> [YOUR OBJECTIVE] The records below must be reproduced exactly, excluding any pictures.

> [PROVIDED DATA]
Start of Block

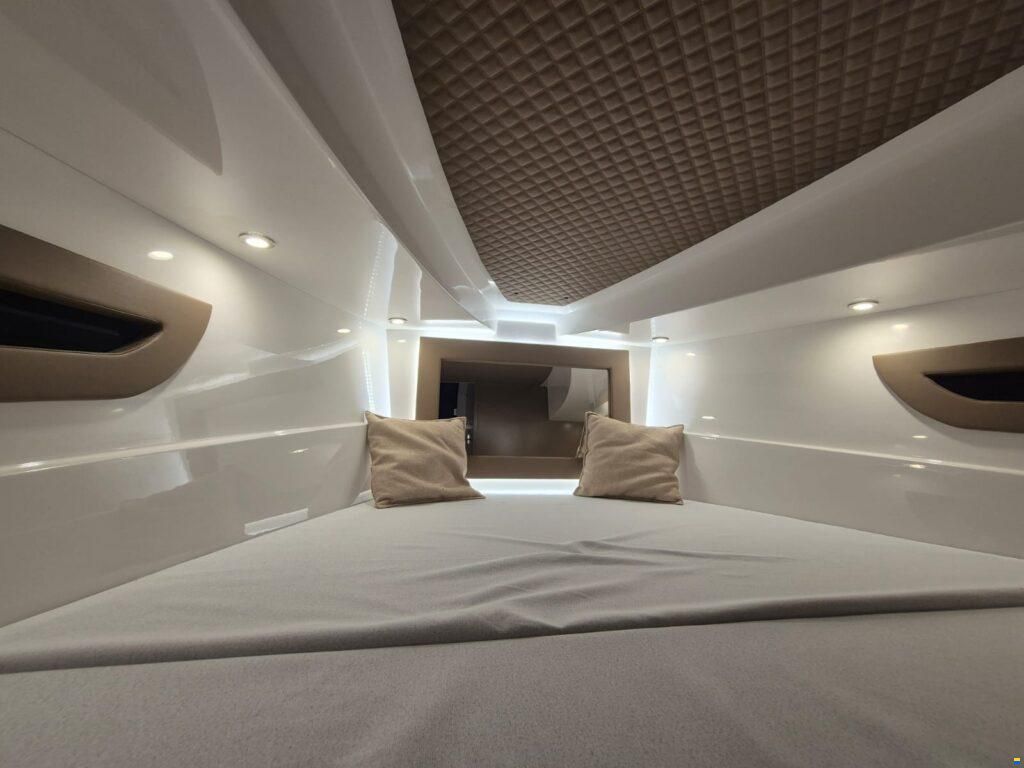 Kolmarine Azzardo  24+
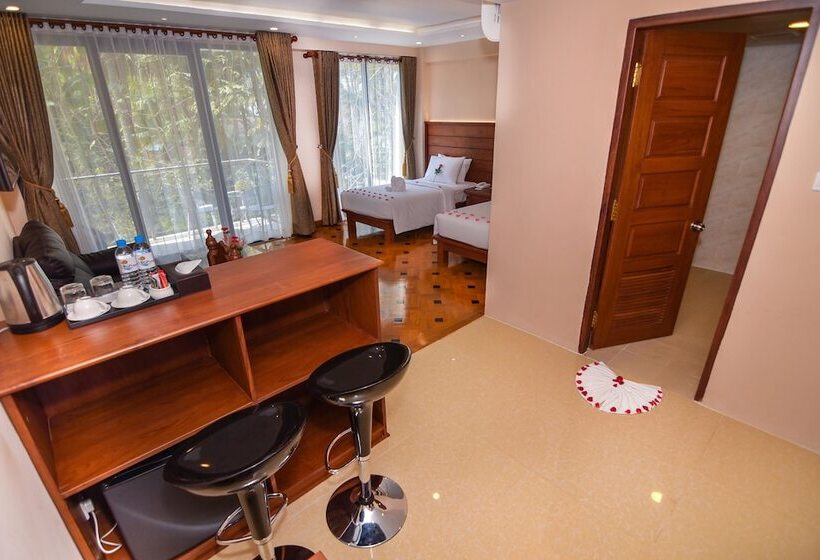 سوییت, Virgin Beach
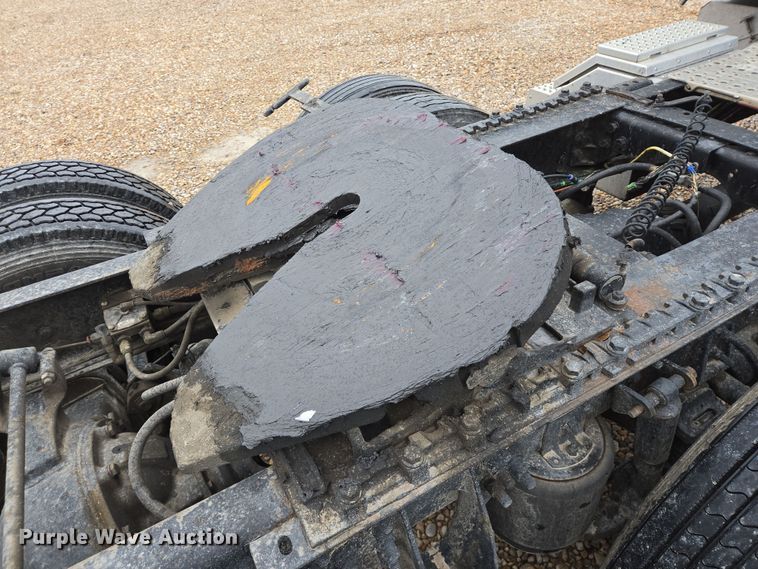 image for item DV1274 2007 International 9400i semi truck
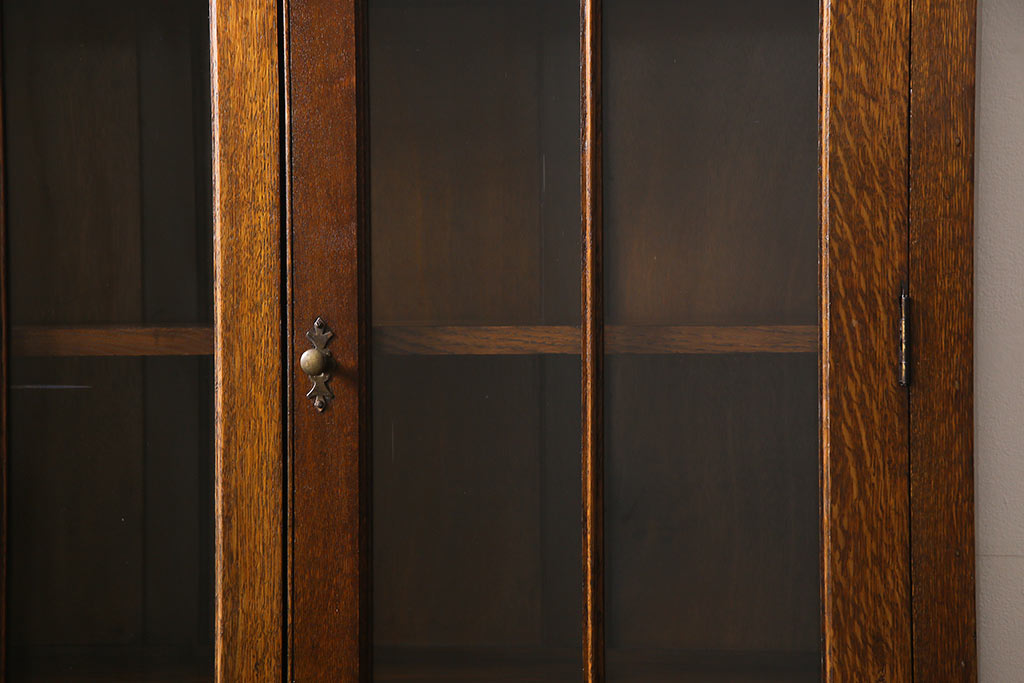 アンティーク家具　イギリスアンティーク　オーク材　控えめな意匠が品を感じさせるブックケース(本箱、収納棚)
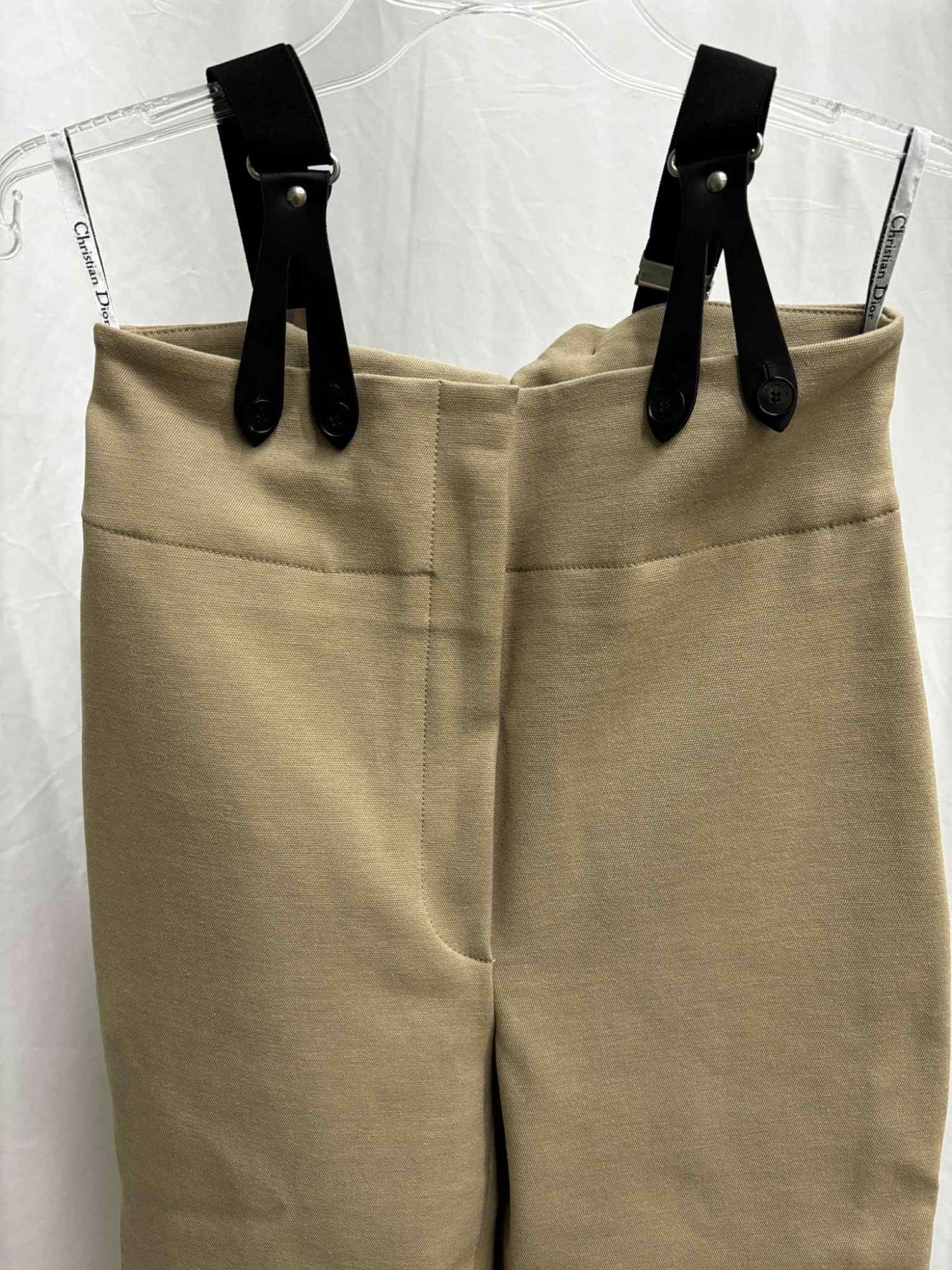 Christian Dior Resort 2023 – Runway nohavice s odnimatelnymi trakmi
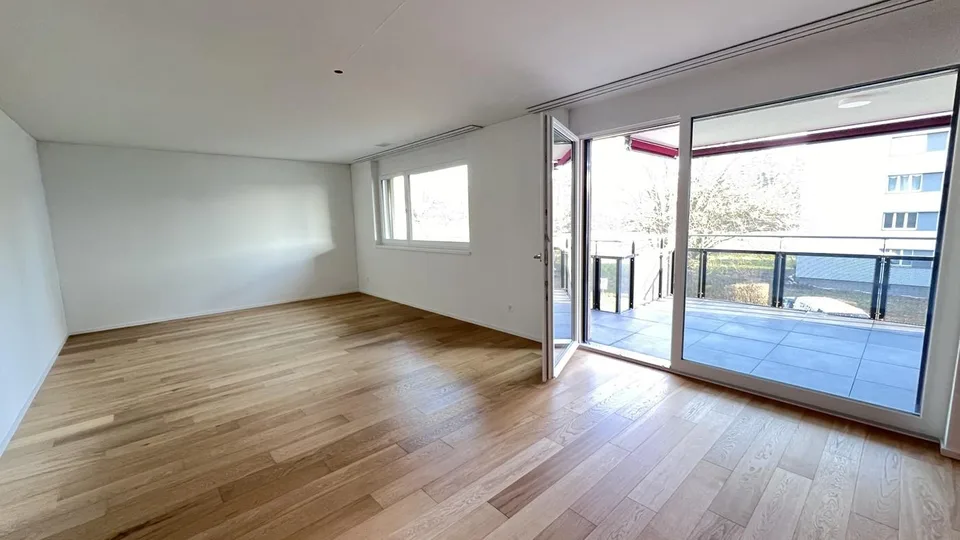 Grosszügige und sonnige Wohnung mit grossem Balkon (18m2) – photo 5 of 13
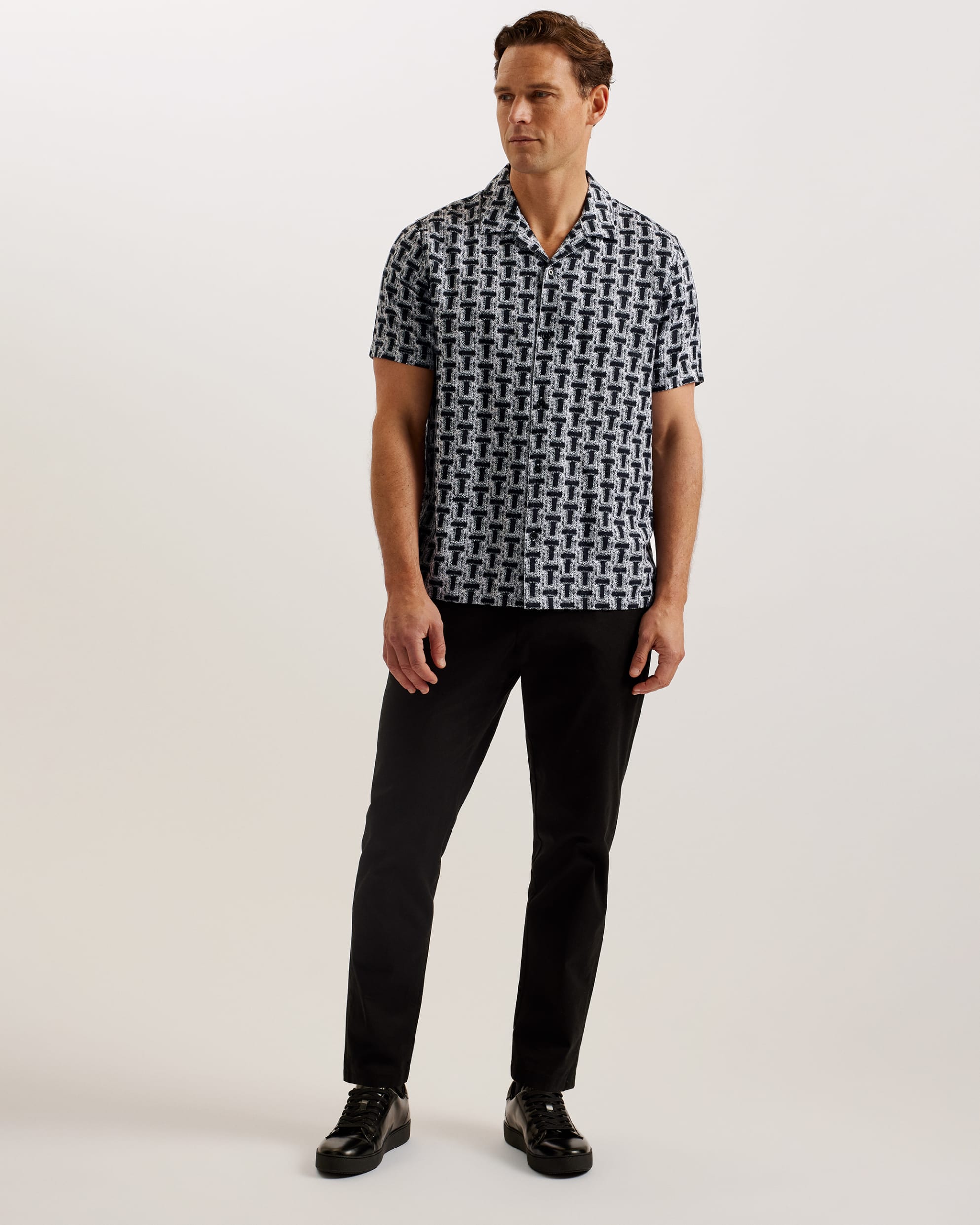 Rhin Short Sleeve Textured T Print Shirt Black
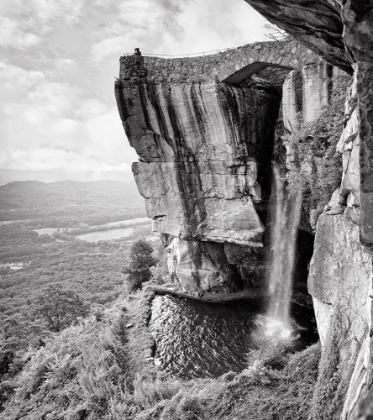 Picture of LOVERS LEAP BW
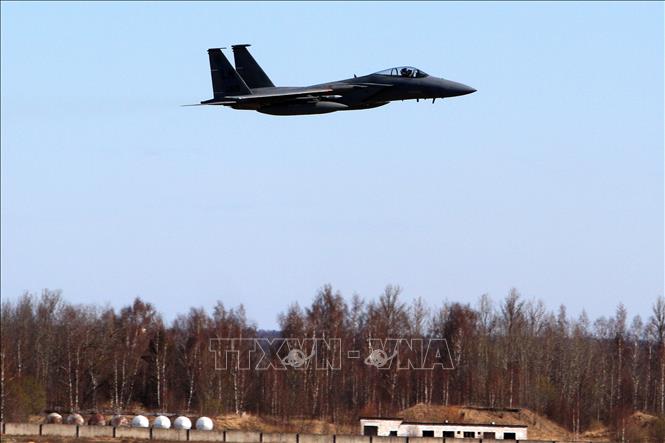 Trong ảnh (tư liệu): Máy bay chiến đấu F-15C Eagle của Không lực Mỹ tham gia huấn luyện tại căn cứ không quân của NATO gần Siauliai Zuokniai, Lítva. Ảnh: AFP/TTXVN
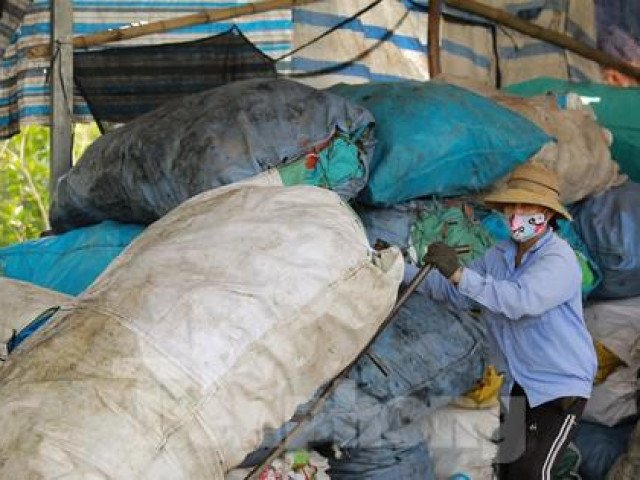 Cuộc sống mưu sinh của người dân tại ‘thủ phủ’ phế liệu nhựa ven đô Hà Nội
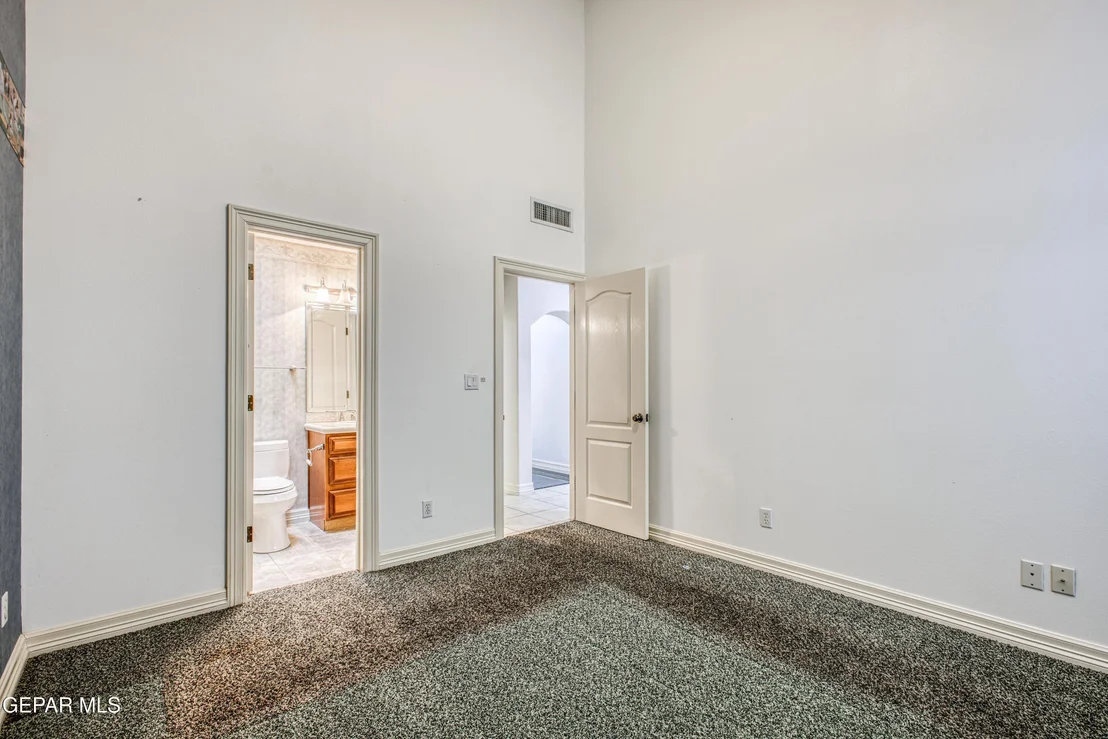 Photo of 6565 Eagle Ridge Drive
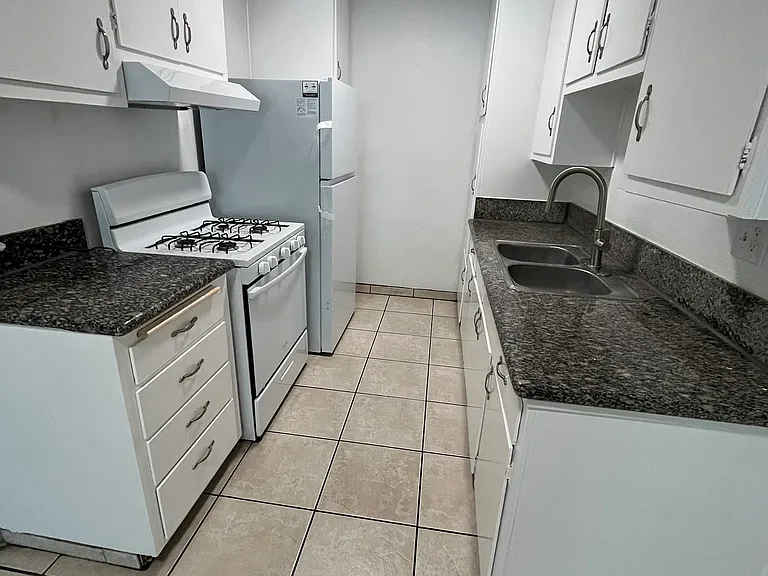 6945 Hinds Ave #1 — Photo 9
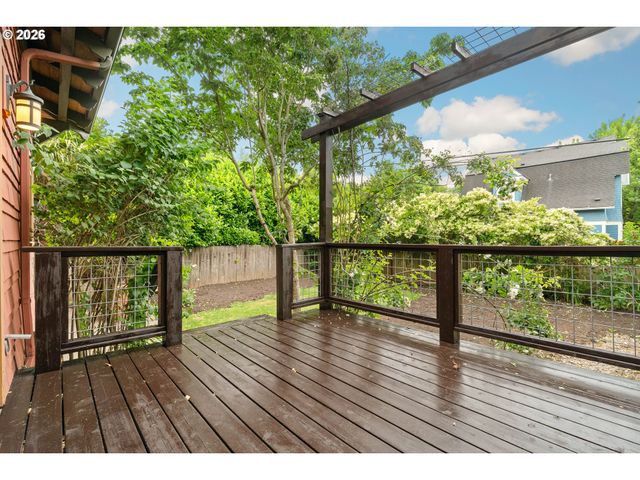 50 Ne FARGO St, Portland, OR 97212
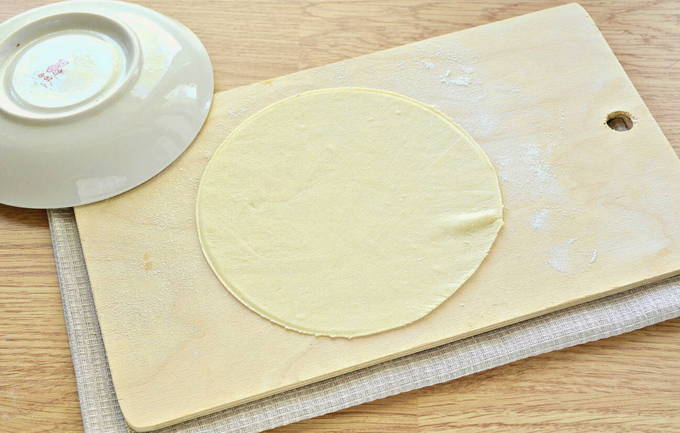 Пузырчатое хрустящее тесто для чебуреков на кипятке с яйцом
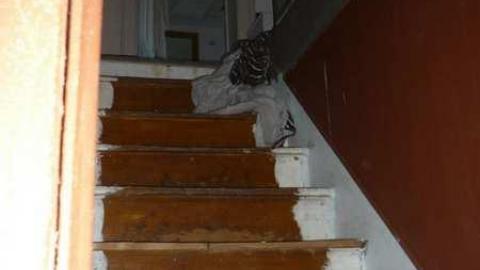 Abandoned just outseid of lamb - Lambeth-Country-Home30.jpg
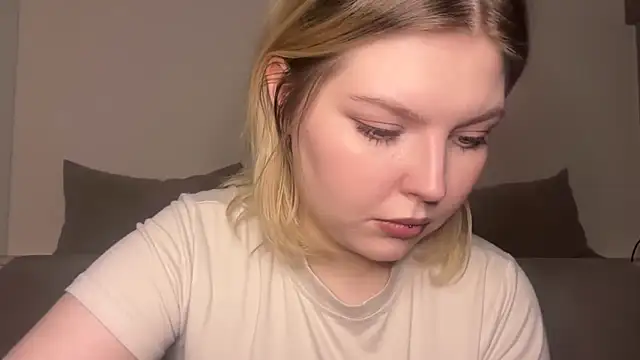 Ophelia Ritz online show from 7, 3, 2026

End of Block

> [RESULT OF THE EXERCISE]
 Kolmarine Azzardo  24+
 سوییت, Virgin Beach
 image for item DV1274 2007 International 9400i semi truck
 アンティーク家具　イギリスアンティーク　オーク材　控えめな意匠が品を感じさせるブックケース(本箱、収納棚)
 Christian Dior Resort 2023 – Runway nohavice s odnimatelnymi trakmi
 Grosszügige und sonnige Wohnung mit grossem Balkon (18m2) – photo 5 of 13
 Rhin Short Sleeve Textured T Print Shirt Black
 Picture of LOVERS LEAP BW
 Trong ảnh (tư liệu): Máy bay chiến đấu F-15C Eagle của Không lực Mỹ tham gia huấn luyện tại căn cứ không quân của NATO gần Siauliai Zuokniai, Lítva. Ảnh: AFP/TTXVN
 Cuộc sống mưu sinh của người dân tại ‘thủ phủ’ phế liệu nhựa ven đô Hà Nội
 Photo of 6565 Eagle Ridge Drive
 6945 Hinds Ave #1 — Photo 9
 50 Ne FARGO St, Portland, OR 97212
 Пузырчатое хрустящее тесто для чебуреков на кипятке с яйцом
 Abandoned just outseid of lamb - Lambeth-Country-Home30.jpg
 Ophelia Ritz online show from 7, 3, 2026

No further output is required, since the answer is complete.